By Evan Blass | January 10, 2011 7:46 AM
It’s time for an intervention. It wasn’t so long ago that you made the best smartphones on the market — hands down. In fact, it feels like just yesterday that your competitors were scrambling to keep up with your innovative devices, whose components, form factors, and software habitually pushed the envelope and gave power users a refreshing alternative to the restrictive iPhone ecosystem. From 2005′s Apache through the release of the HD2 in late 2009 (or EVO 4G in early 2010), you were at the top of your game.
Things move quickly in this industry, however, and a little over eight months later, your upcoming products — the announced ones, anyway — have suddenly become among the least desirable on your two chosen platforms, Android and Windows Phone 7. Now of course with the rigid hardware restrictions Microsoft has imposed on the latter OS, it’s much harder for OEMs to differentiate from one another, but in our opinion, Dell and Samsung have managed to outshine the pack with the Venue Pro and Focus / Omnia 7, respectively. The build quality on the Venue Pro is fantastic, while Samsung’s handsets offer an unmatched Super AMOLED display along with (in the case of the Focus, at least) highly-desirable expandable storage options.

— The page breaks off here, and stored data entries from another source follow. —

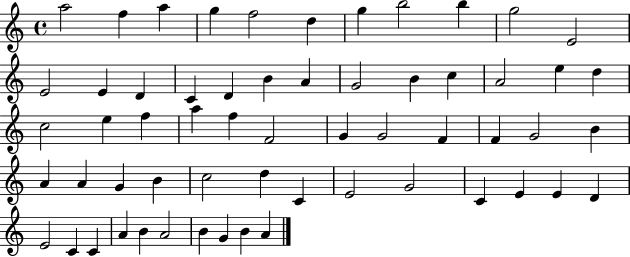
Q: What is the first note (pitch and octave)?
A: A5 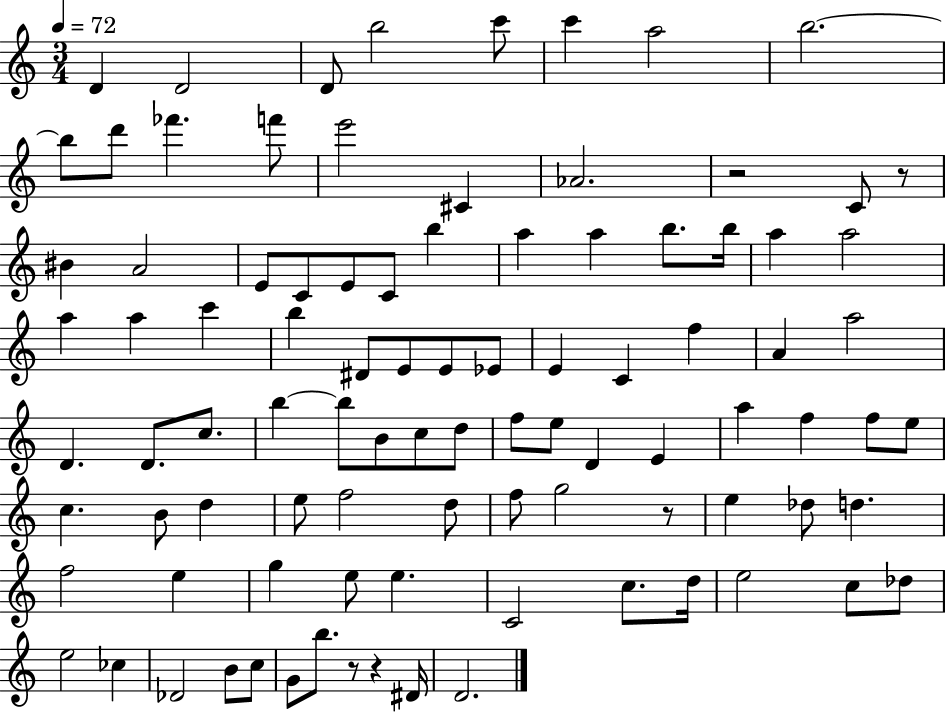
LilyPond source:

{
  \clef treble
  \numericTimeSignature
  \time 3/4
  \key c \major
  \tempo 4 = 72
  d'4 d'2 | d'8 b''2 c'''8 | c'''4 a''2 | b''2.~~ | \break b''8 d'''8 fes'''4. f'''8 | e'''2 cis'4 | aes'2. | r2 c'8 r8 | \break bis'4 a'2 | e'8 c'8 e'8 c'8 b''4 | a''4 a''4 b''8. b''16 | a''4 a''2 | \break a''4 a''4 c'''4 | b''4 dis'8 e'8 e'8 ees'8 | e'4 c'4 f''4 | a'4 a''2 | \break d'4. d'8. c''8. | b''4~~ b''8 b'8 c''8 d''8 | f''8 e''8 d'4 e'4 | a''4 f''4 f''8 e''8 | \break c''4. b'8 d''4 | e''8 f''2 d''8 | f''8 g''2 r8 | e''4 des''8 d''4. | \break f''2 e''4 | g''4 e''8 e''4. | c'2 c''8. d''16 | e''2 c''8 des''8 | \break e''2 ces''4 | des'2 b'8 c''8 | g'8 b''8. r8 r4 dis'16 | d'2. | \break \bar "|."
} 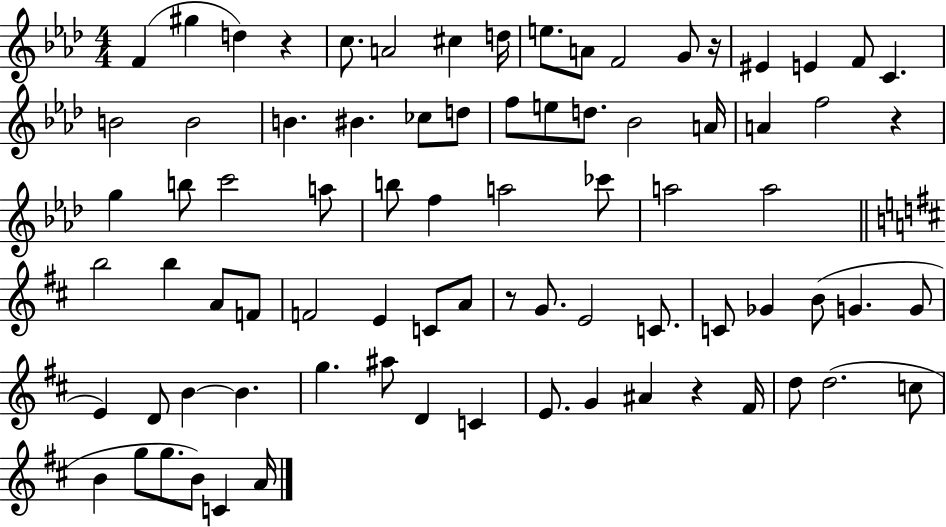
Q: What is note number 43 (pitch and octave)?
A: F4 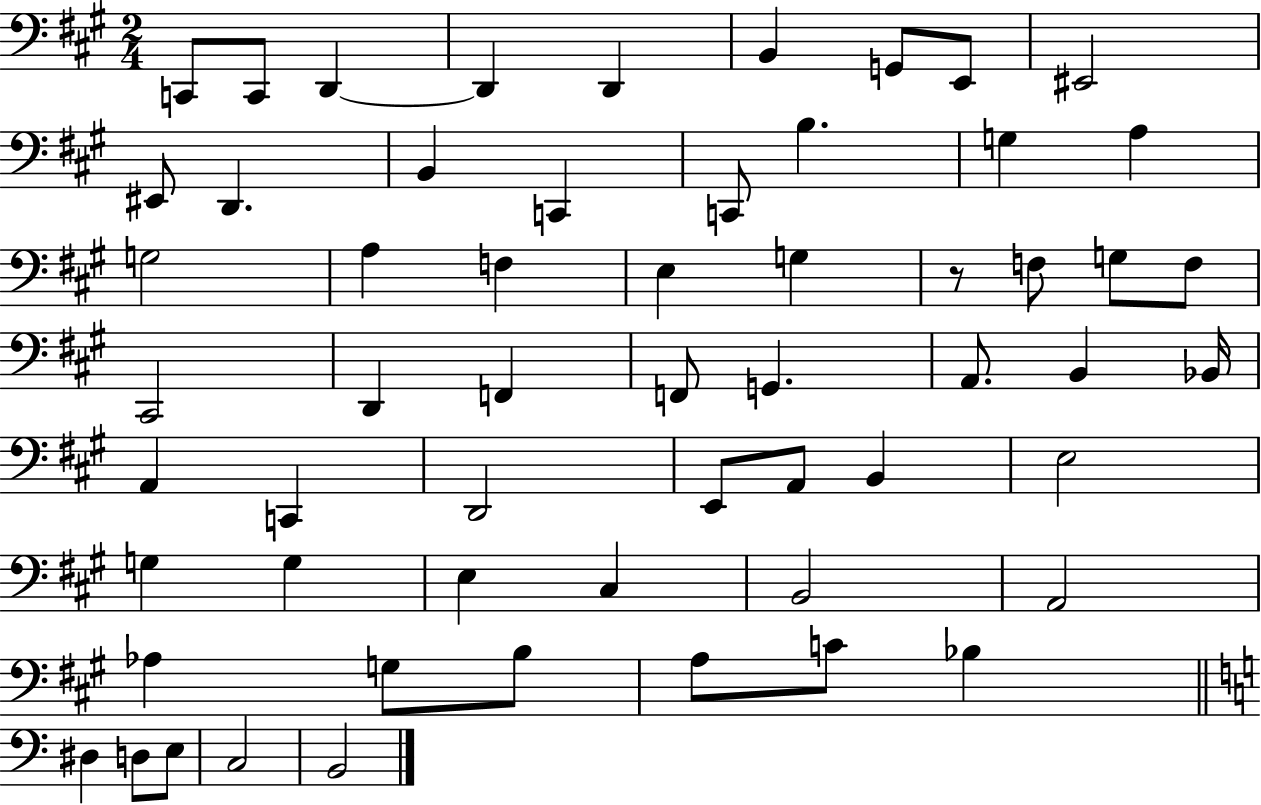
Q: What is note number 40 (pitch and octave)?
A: E3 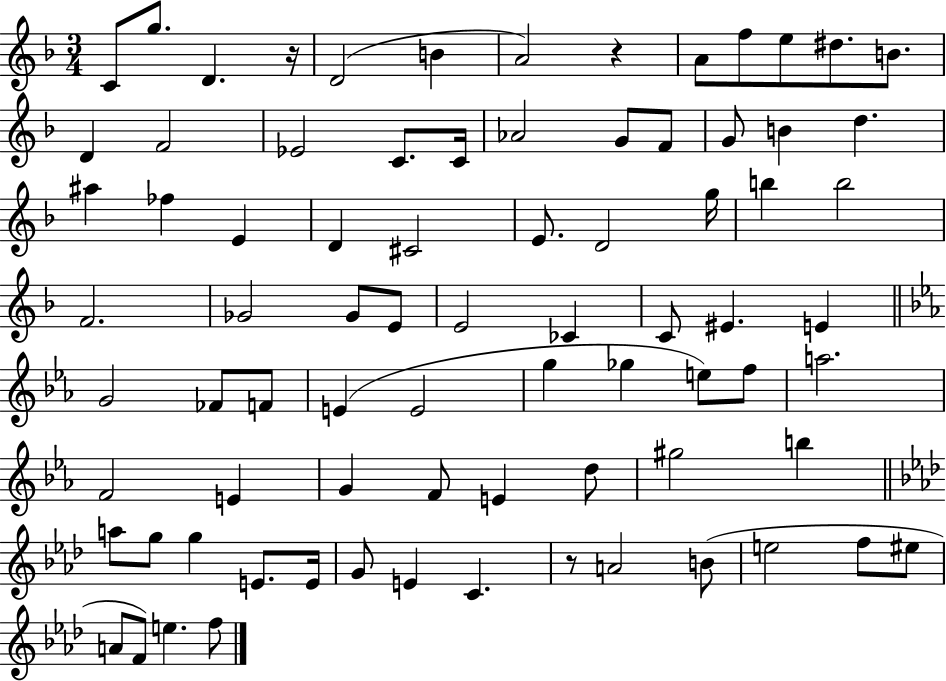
{
  \clef treble
  \numericTimeSignature
  \time 3/4
  \key f \major
  c'8 g''8. d'4. r16 | d'2( b'4 | a'2) r4 | a'8 f''8 e''8 dis''8. b'8. | \break d'4 f'2 | ees'2 c'8. c'16 | aes'2 g'8 f'8 | g'8 b'4 d''4. | \break ais''4 fes''4 e'4 | d'4 cis'2 | e'8. d'2 g''16 | b''4 b''2 | \break f'2. | ges'2 ges'8 e'8 | e'2 ces'4 | c'8 eis'4. e'4 | \break \bar "||" \break \key ees \major g'2 fes'8 f'8 | e'4( e'2 | g''4 ges''4 e''8) f''8 | a''2. | \break f'2 e'4 | g'4 f'8 e'4 d''8 | gis''2 b''4 | \bar "||" \break \key aes \major a''8 g''8 g''4 e'8. e'16 | g'8 e'4 c'4. | r8 a'2 b'8( | e''2 f''8 eis''8 | \break a'8 f'8) e''4. f''8 | \bar "|."
} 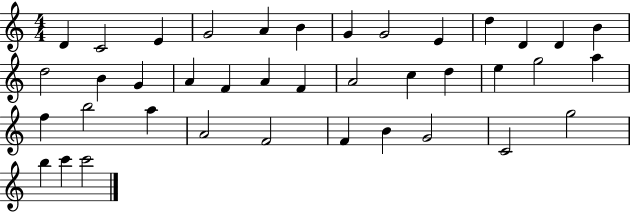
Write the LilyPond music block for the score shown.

{
  \clef treble
  \numericTimeSignature
  \time 4/4
  \key c \major
  d'4 c'2 e'4 | g'2 a'4 b'4 | g'4 g'2 e'4 | d''4 d'4 d'4 b'4 | \break d''2 b'4 g'4 | a'4 f'4 a'4 f'4 | a'2 c''4 d''4 | e''4 g''2 a''4 | \break f''4 b''2 a''4 | a'2 f'2 | f'4 b'4 g'2 | c'2 g''2 | \break b''4 c'''4 c'''2 | \bar "|."
} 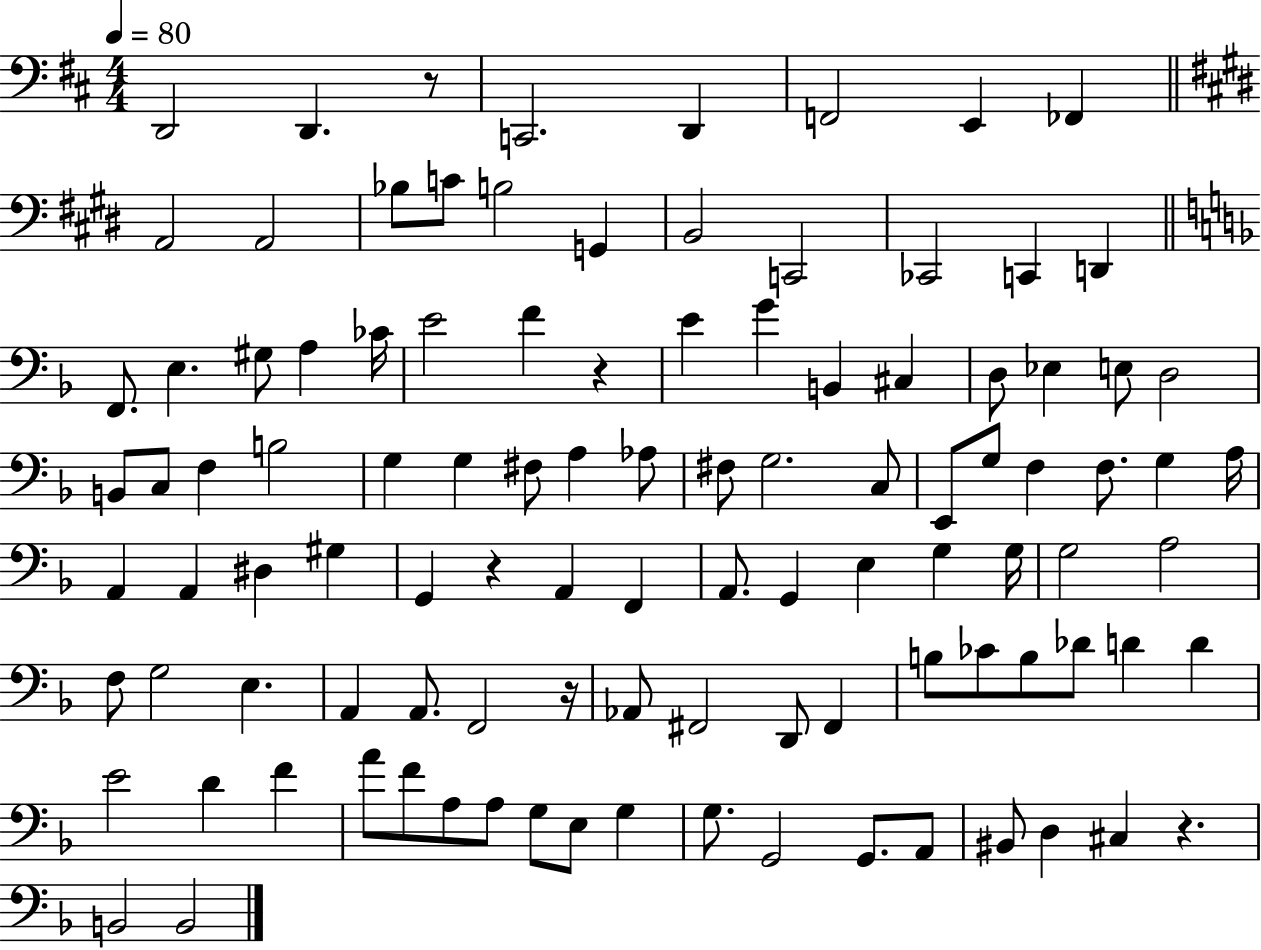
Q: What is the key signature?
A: D major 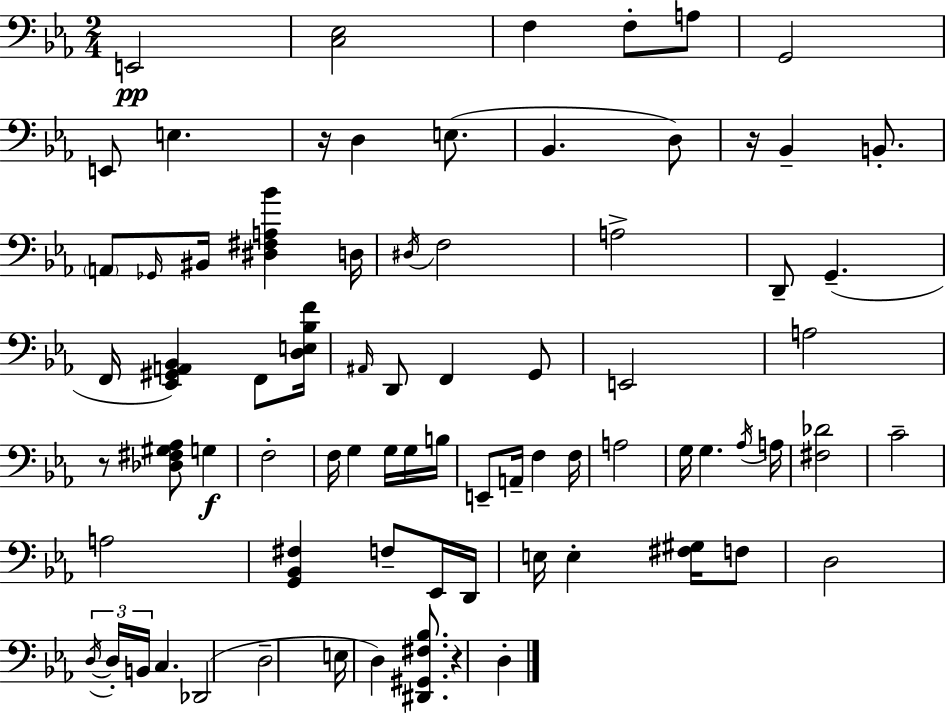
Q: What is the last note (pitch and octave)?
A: D3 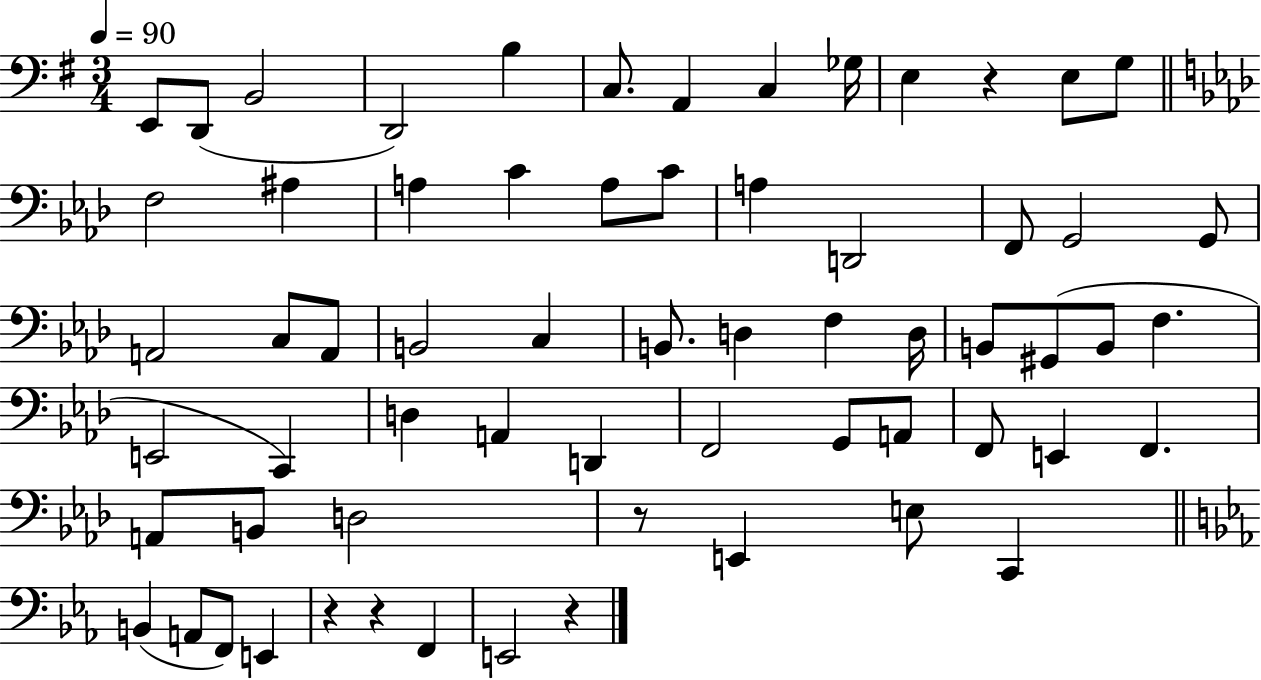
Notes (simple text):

E2/e D2/e B2/h D2/h B3/q C3/e. A2/q C3/q Gb3/s E3/q R/q E3/e G3/e F3/h A#3/q A3/q C4/q A3/e C4/e A3/q D2/h F2/e G2/h G2/e A2/h C3/e A2/e B2/h C3/q B2/e. D3/q F3/q D3/s B2/e G#2/e B2/e F3/q. E2/h C2/q D3/q A2/q D2/q F2/h G2/e A2/e F2/e E2/q F2/q. A2/e B2/e D3/h R/e E2/q E3/e C2/q B2/q A2/e F2/e E2/q R/q R/q F2/q E2/h R/q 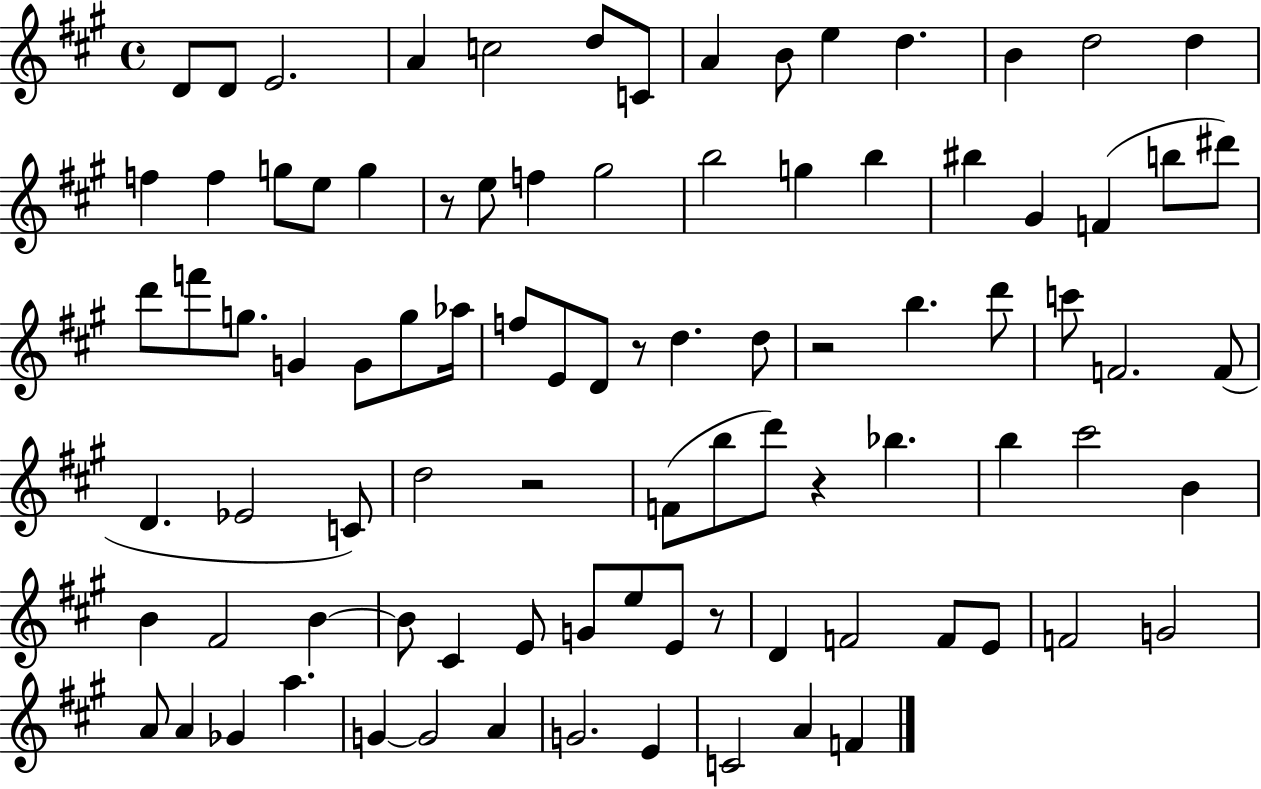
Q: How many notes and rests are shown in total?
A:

When it comes to Android, things are looking even worse, if only because that platform allows for so much variation in handset design. While your two CES debuts, the Inspire 4G for AT&T and Thunderbolt on Verizon, are somewhat exciting due to their mobile broadband speeds, the rest of their specs scream Desire HD — a fine device, to be sure, but nothing close to the Samsung Infuse 4G, both new Motorola smartphones (Atrix 4G on AT&T and Droid Bionic on Verizon), nor the LG Revolution (not to mention the Optimus 2X and Optimus Black). Even the Sony Ericsson Xperia Arc is sexier than the majority of handsets in your lineup.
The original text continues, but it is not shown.